Argo
I don’t think Ben Affleck could have possibly foreseen the tragedy at our embassy in Libya a month prior to his great new film, “Argo,” making its way to theatres. However, that only makes the film all the more timely in this tense period of American-Middle East relations. I bring up what happened in Benghazi not to trivialize the loss of life, but because I can’t imagine you reading this review without that on your mind.
But on to the film. This is Affleck’s third as a director, after “Gone Baby Gone” and “The Town,” and it feels like he is just hitting his stride as a filmmaker. Both of those films were pretty serious affairs, and this one is as well, but Affleck and screenwriter Chris Terrio use the absurdity of this remarkable true story to their advantage. In case you don’t know, the film takes place during the Iranian hostage crisis, where revolutionaries, upset at the United States’s harboring of their deposed, former dictator, stormed the US Embassy in Tehran, and took 52 hostages. Six Americans, however, snuck out of the back, and found safe haven in the Canadian ambassador’s house. Back in Washington, the CIA brainstorms ideas, but none of them seem like plausible solutions in getting the six out. However, one night, a CIA extractor named Tony Mendez (Affleck, in his best acting work in years) has a wild idea: go into Tehran as a Canadian film producer, create covers for the six as location scouts for a science fiction adventure, and fly out together. Talk about the truth being stranger than fiction.
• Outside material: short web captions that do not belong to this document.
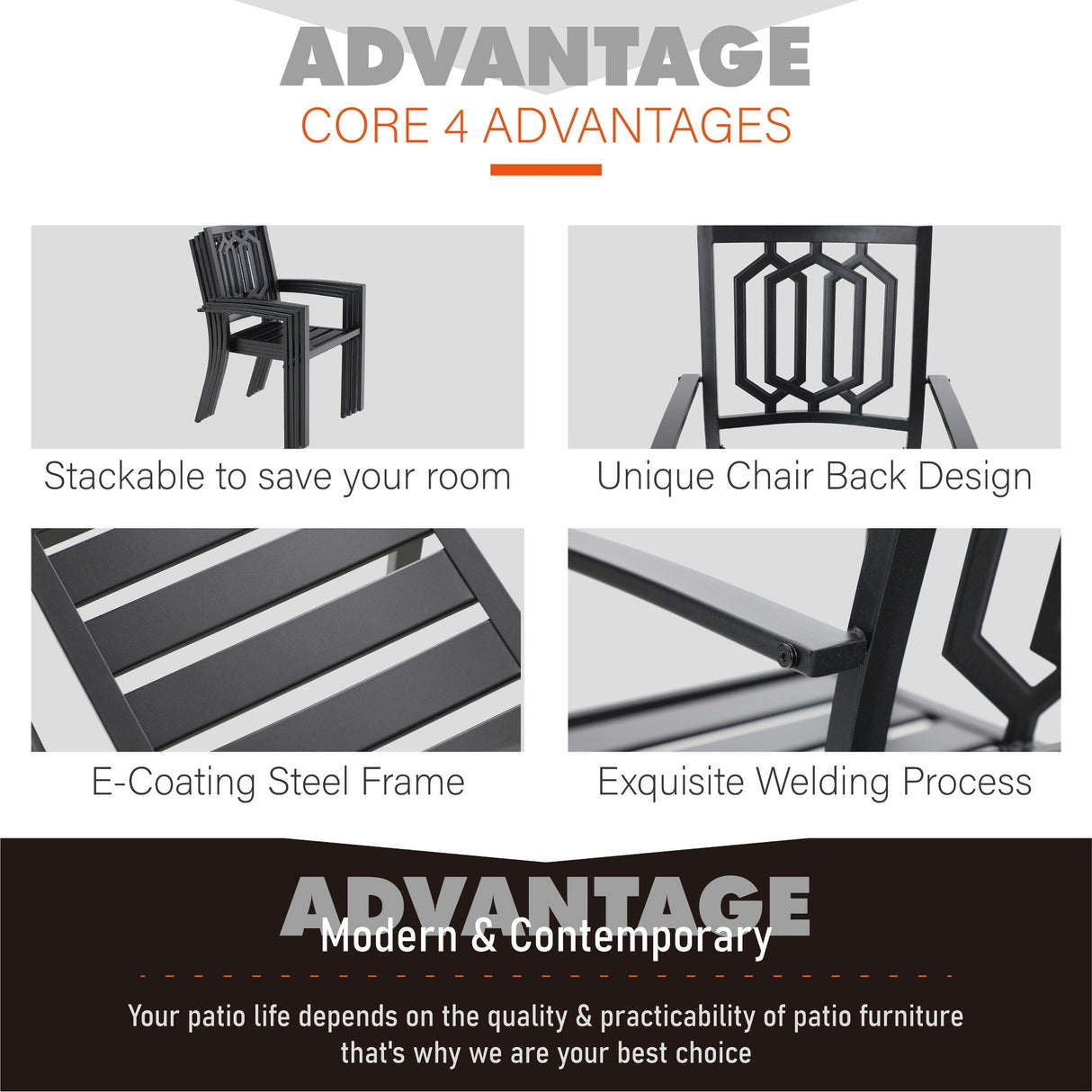 MAISON ARTS 5 Piece Outdoor Patio Dining Set, 4 Metal Stackable Dining Chairs and 1 Round 37.8" Diameter Umbrella Table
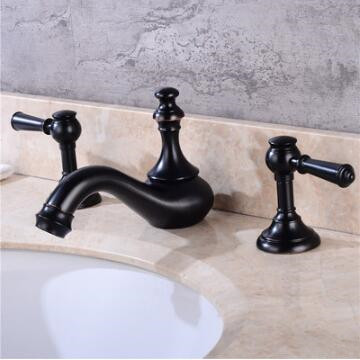 Black Brass Classical Three Holes Two Handles Mixer Bathroom Sink Tap T0388B - Click Image to Close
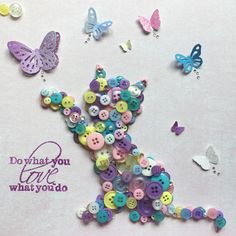 there are many buttons and butterflies on this card that says do what you love, whimsyquta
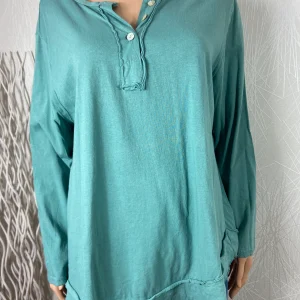 T-shirt vert eau manches longues 100% coton de la marque Made in Italy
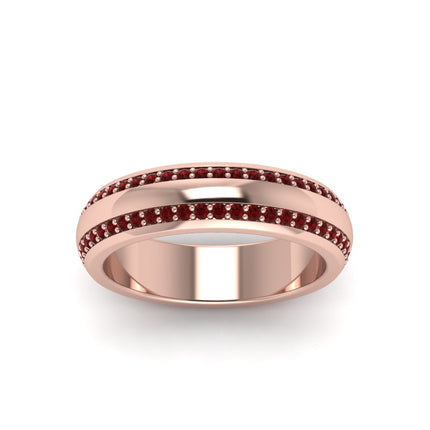 Beveled Edge Matte Eternity Mens Engagement Ring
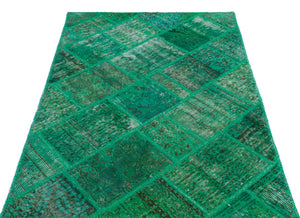 Green Over Dyed Patchwork Unique Rug 3'11'' x 5'11'' ft 120 x 180 cm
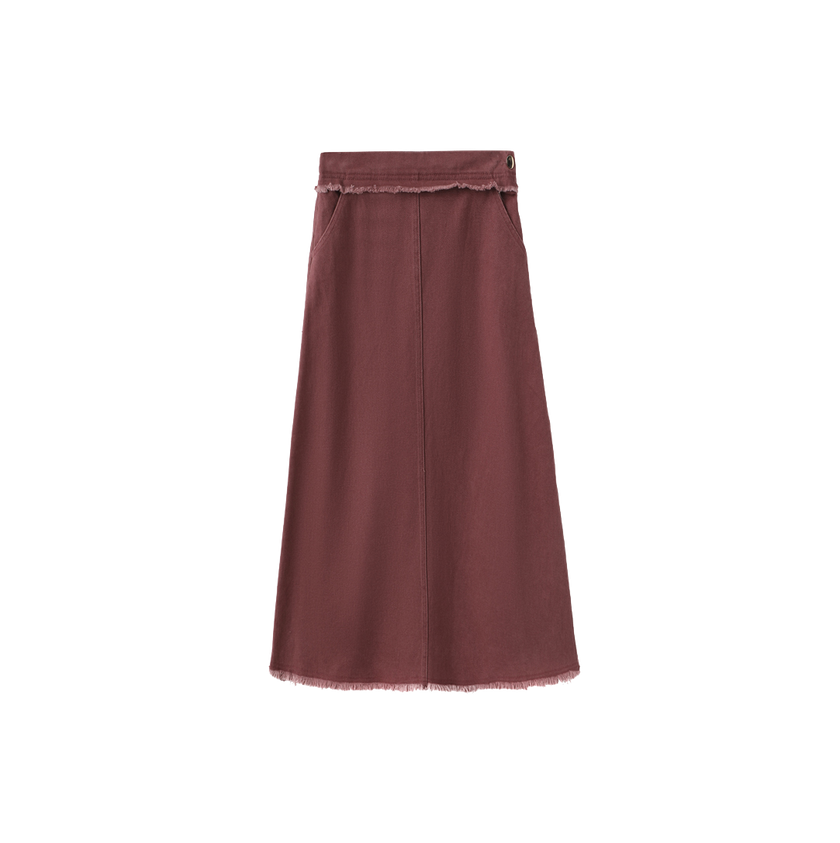 Denim Fringe Center Seam Skirt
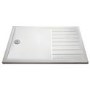 1400x800mm Black Fluted Glass Walk In Shower Enclosure and Shower Tray with Drying Area - Volan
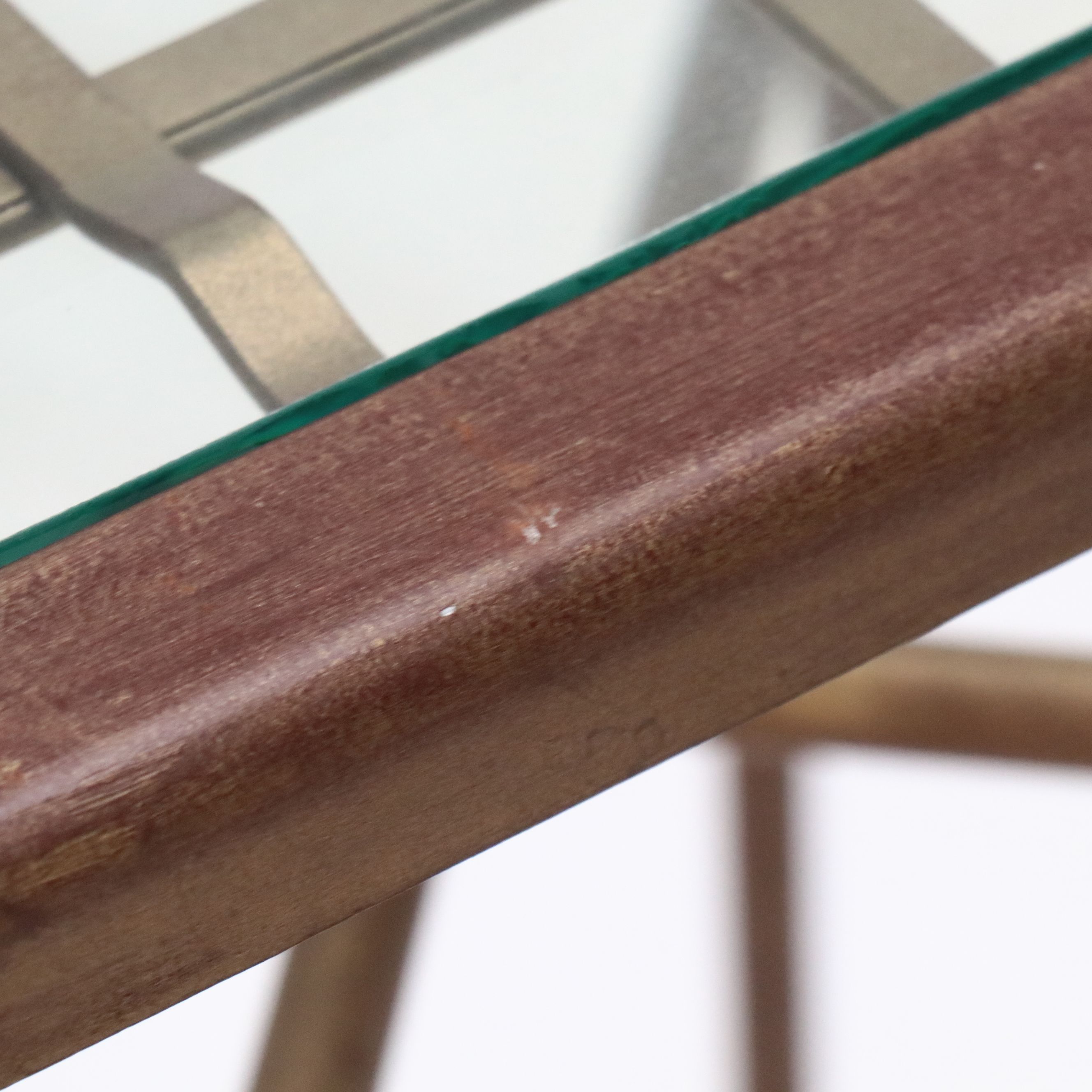 Directoire Style Metal Plant Stand with Inset Beveled Glass Top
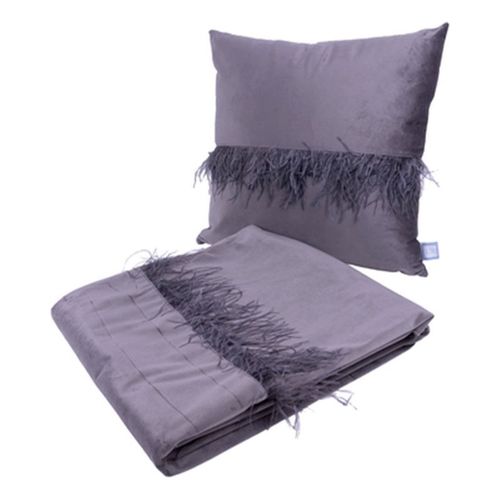 Paris Prix - Ensemble Coussin & Plaid "Palmira" 130x170cm Gris Graphite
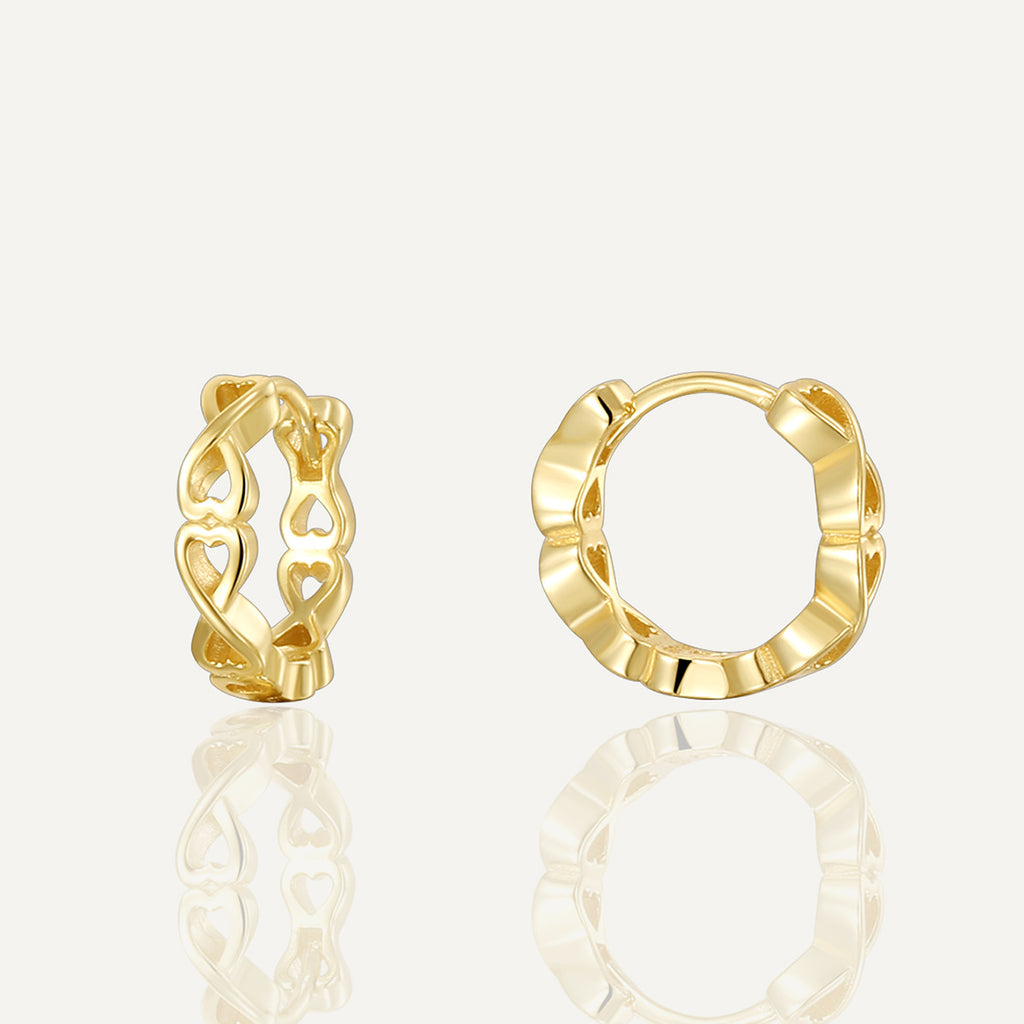 14K Gold-Plated 925 Sterling Silver Heart Openwork Stud Earrings — front view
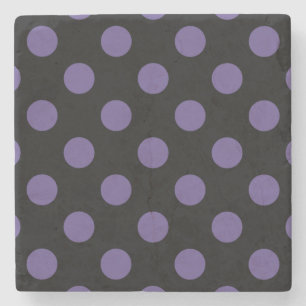 Ultra violette Polka Punkte auf schwarz Steinuntersetzer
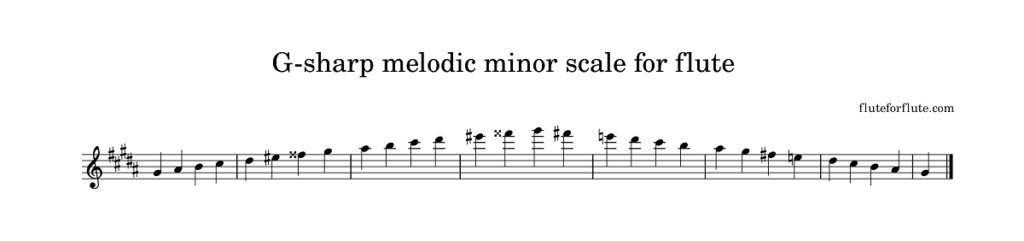 G-sharp (G#) melodic minor scale  on the flute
And yet, it worked, and until 1997 (when the Clinton administration declassified the tale), we were completely unaware of it having happened. Near the end we hear the words of former President Jimmy Carter, who speaks about why it had to be kept under wraps for so long with an eloquence and level of authority he hasn’t been given by the press for decades. True, the hostage crisis the world watched, which lasted for over a year, and likely led to Carter losing to Ronald Reagan in 1980, ended up being both a unifying moment in American history (remember the yellow ribbons in solidarity with the hostages?), as well as an embarrassment of American diplomacy, but the courage of Carter, Mendez, and the other extraordinary Americans (as well as our friends to the north) to not only contemplate this scheme, but also execute it successfully, is one of the most shining examples of not only American values, but also ingenuity, in our 230-year history as a country. History sets the bar high for Affleck as a director…
…and he clears it with almost absurd ease. The opening sequence of the film, where Affleck stages the siege on the Embassy, is the most riveting use of archival footage blended with recreated events since “JFK.” We are on the edge of our seats, witnessing history unfold, and we are with the characters every step of the way as diplomats burn and shred documents, and the six who escape behave as we would during a crisis situation, with fear and anxiety, but also resolve when they decide to lead Iranians looking for visas out a back door, and take their chances on the streets. We also get an idea of a government handcuffed by real-life, with no easy answers, when we see the wheels being greased in Washington as events unfold, information becomes known, and the clock ticks more rapidly for the six in hiding. The Iranians used students to piece together shredded papers, so that when the images of the six who escaped become clear, and the Iranians know that some are missing, we feel extraordinary tension with the ones who got away as they are forced into a life-or-death situation that, though we know the outcome, must have been an impossible choice for the real people.
I’ve focused so much on the actual story that I haven’t really looked at the movie as a movie, but that should show how successful Affleck is as a director. And of course, I haven’t even mentioned the look at the Hollywood side of the story, when Mendez recruits Oscar-winning makeup artist John Chambers (played by John Goodman) and old-school producer Lester Siegel (the terrific Alan Arkin) to put together the film production front. We see the trio piling over scripts, taking meetings with agents, commissioning storyboards, and putting on a script reading to get covered in Variety. They know that this needs to be air tight, because if not, six people will die. No movie ever, really, has the power to change people’s lives in a palpable sense, but this one (which never happened) really did, and the odds of this being successful were impossible at best. No other Hollywood production has made such a difference, and “Argo”– with so much else to talk about, from the across-the-board great performances (including Bryan Cranston as Mendez’s CIA boss, and Victor Garber as the Canadian ambassador in Iran) to the flawless craftsmanship behind the camera– honors that with emotional weight and an old school sense of excitement that Hollywood has a hard time duplicating nowadays.